In 2022, Dixon was dominating the race and led into the last round of stops before he sped by 1mph in the pitlane, triggering a penalty that meant he finished 21st instead.
He’d have won the title in Portland with a round to spare had he won the 500 and replicated the results he had for the rest of the season.
“I think Indy was probably the biggest loss and incurring double points,” Dixon told The Race last week.
“The loss of that one unit definitely hurts. Having even finished in the top three would have completely changed this week and the championship outlook, that’s for sure.
“But, these are all things that you can’t change. So there’s no point dwelling on them.”
He added: “Trust me, I was upset about Indy but I’d moved on by Monday.
“That’s just one of those things. We’re in a sport where you lose a lot more than you win. Unfortunately, you get used to some of the defeats or just the outcomes that you maybe didn’t expect.
“It’s part of racing. Again, that place owes me nothing and we’ll keep knocking on that door. I think we’ve had great performance and great cars the past few years.”
Unfortunately, Ericsson’s title bid petered out in the last few races of the season, partly through no fault of his own like being taken out at Nashville and having an engine issue in qualifying for the Indy GP.
However, Long Beach was definitely an Ericsson error. He was in contention to win but spun trying to hunt down Alex Palou for second on a restart with 19 laps to go.
In hindsight, the third place that he spun from would have only bumped him up to third in the championship, but it might have given him more control early in the season.
It was one that might have asserted his authority a bit more on the championship. It might have made his rivals more desperate to overturn him and make mistakes of their own.
His street-course form was strong in 2022 but the results didn’t replicate that, and here’s why.
With Ganassi’s road course pace being inferior to Penske’s this year, Ericsson needed to capitalise more on the street races.
The fact McLaughlin was even in contention for this championship was amazing given it was only his second full year in open-wheel racing.
His three-win tally was the second most of anyone behind his Penske team-mate Newgarden, but his mid-season struggle spell is what cost him the championship. He spun at Long Beach earlier in the year, but a crash in the Indy 500 and spins in the Indianapolis road-course race and Detroit compounded his woes.

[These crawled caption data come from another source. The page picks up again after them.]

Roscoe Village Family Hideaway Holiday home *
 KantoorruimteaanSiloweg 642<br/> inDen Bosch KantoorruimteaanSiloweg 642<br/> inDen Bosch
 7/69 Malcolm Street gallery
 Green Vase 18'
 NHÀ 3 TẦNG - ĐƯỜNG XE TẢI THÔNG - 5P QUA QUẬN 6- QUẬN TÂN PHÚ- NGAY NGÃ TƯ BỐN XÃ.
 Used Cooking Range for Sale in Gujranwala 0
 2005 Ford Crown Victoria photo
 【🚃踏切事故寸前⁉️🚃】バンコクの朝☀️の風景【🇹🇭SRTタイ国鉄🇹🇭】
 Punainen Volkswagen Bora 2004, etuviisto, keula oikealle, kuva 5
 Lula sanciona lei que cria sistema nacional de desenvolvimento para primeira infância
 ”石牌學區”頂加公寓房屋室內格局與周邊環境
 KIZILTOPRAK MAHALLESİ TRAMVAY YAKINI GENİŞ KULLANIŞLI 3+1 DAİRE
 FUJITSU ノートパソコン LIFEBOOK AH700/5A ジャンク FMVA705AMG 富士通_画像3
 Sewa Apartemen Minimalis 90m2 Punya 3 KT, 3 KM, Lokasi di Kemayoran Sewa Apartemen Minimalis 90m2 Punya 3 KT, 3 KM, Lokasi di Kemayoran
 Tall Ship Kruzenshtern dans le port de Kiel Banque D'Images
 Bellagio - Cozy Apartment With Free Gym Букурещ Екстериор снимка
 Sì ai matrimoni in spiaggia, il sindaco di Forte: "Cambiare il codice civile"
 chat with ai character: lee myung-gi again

The Long Beach weekend in which he finished 14th ended a start to the season where he was first and second so that certainly halted momentum, but his crash just after pitting from seventh in the 500 was the most costly in terms of points.
He’d come all the way from 26th on the grid and even just a seventh added to his score would have put him second after Laguna, eight points behind Power.
Would those extra points have helped the season play out differently for him? It’s hard to tell. But it does give him a learning curve that means he’ll be tough to beat in the future, given that he has figured out most of the other things needed to be an elite IndyCar driver.
Losing like this might have given him the tools he needs to win in the future.